How to complete this task:
Nothing in the listing should differ in your copy; retype it all exactly.

Data:
Segment Open

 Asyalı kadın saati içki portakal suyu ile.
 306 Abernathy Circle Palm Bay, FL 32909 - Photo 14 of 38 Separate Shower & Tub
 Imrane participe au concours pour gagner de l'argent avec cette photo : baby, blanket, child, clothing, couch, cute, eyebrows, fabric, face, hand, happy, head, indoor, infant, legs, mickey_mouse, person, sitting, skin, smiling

Segment Closed

Solution to the exercise:
 Asyalı kadın saati içki portakal suyu ile.
 306 Abernathy Circle Palm Bay, FL 32909 - Photo 14 of 38 Separate Shower & Tub
 Imrane participe au concours pour gagner de l'argent avec cette photo : baby, blanket, child, clothing, couch, cute, eyebrows, fabric, face, hand, happy, head, indoor, infant, legs, mickey_mouse, person, sitting, skin, smiling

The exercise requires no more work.